The more tyrannical a government becomes, the more tightly it controls the movement of its subjects. In particular, it straitens the rules governing emigration, such that "desirable" subjects are prevented from leaving: on occasion by bribery, but more often by simple prohibition.
The reason is obvious: a mobile populace will possess numerous avenues by which to elude the grip of the State. A populace that can exit the country completely, when the coercions and exactions reach a certain, difficult to predict level, will "vote with its feet." So the mature tyranny will control its borders with maximum concentration.
It's not always a matter of barbed-wire barriers and armed men with their guns pointed inward. Some countries -- the United States is one -- impose a confiscatory exit tax on a man who renounces his citizenship. Others will permit temporary departures, but never without a "surety:" a beloved family member held hostage to ensure the traveler's return. And of course there are the pure-garrison states that use naked force to prevent anyone from leaving, as was the case with East Germany before reunification.
The shocking aspect of these measures is the high degree of cooperation many nations routinely accord one another in the effort of retarding emigration. Not all countries are as eager to see their people depart as Mexico.
If we cannot flee, we must fight. But what are the odds? This is the critical question about the prospects of a return to individual freedom and Constitutionally constrained government. It breaks down into several "smaller" questions:
- What development would finally trigger a violent revolution against the federal Leviathan?
- Assuming that development, what fraction of the able-bodied population would willingly take up arms?
- Should such a revolution occur, what would its probability of success be?
- Should the revolution succeed in overthrowing the federal government, would the successor government (or lack thereof) be any better?
- Should subsequent conditions prove substantially preferable, what would be the most likely threats to them?
Each of these questions demands an answer. With the possible exception of the last one, the answers as the general public perceives them must all be favorable for a revolution to occur and succeed. It's a problem in what Douglas Hofstadter called "superrationality," or, alternately, "renormalized rationality" (Martin Gardner). Only when an adequate majority of the nation is persuaded that an adequate majority of the nation is persuaded that an adequate majority of the nation is ready to revolt will an adequate majority of the nation be ready to revolt.
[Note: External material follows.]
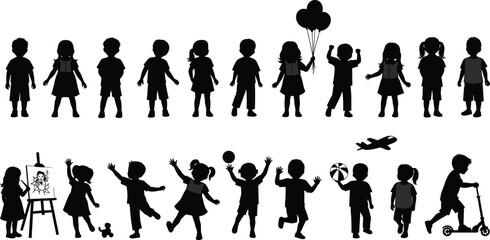 Children silhouette playing, drawing, riding scooter, flying airplane, holding balloons, joyful activity, creative fun, diverse childhood, outdoor play, happy moments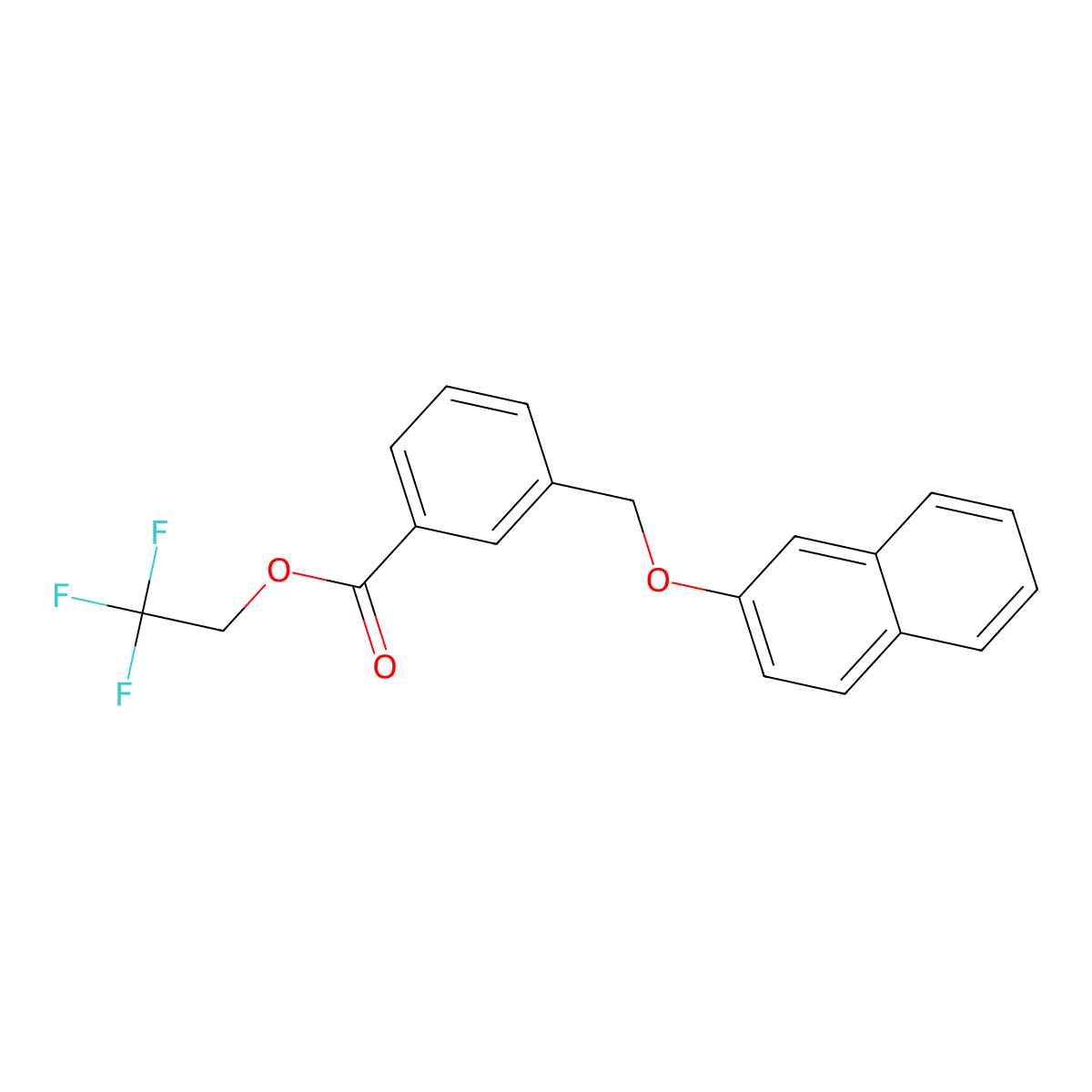 2,2,2-Trifluoroethyl 3-[(2-naphthyloxy)methyl]benzoate molecular structure, CAS 438471-50-2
Barring a shattering of Leviathan's controls over emigration, those are the conditions required for a pro-freedom resurgence. Until they're realized, both in objective reality and in the minds of Americans generally, we will continue to be used. In the interim, let him save himself who can.
3 comments:
Fran,
The Power to Defraud is, I believe, delegated equally to the three branches in the Penumbras. No, wait...the Emanations. Well, anyway, I'm sure it's in one of those (...and in either case, the possible obsolescence of your glasses is irrelevant.)
Cheers!
James
(chuckle) James, you are inimitable. Apropos of nothing much, do you have any new stories on the horizon?
Nothing very close, Fran, I'm afraid. A consulting gig fell out of the sky a few weeks ago and that, along with some family stuff, has kept my fiction writer's hat on the hat rack. I do appreciate your interest, though--I'll keep you posted.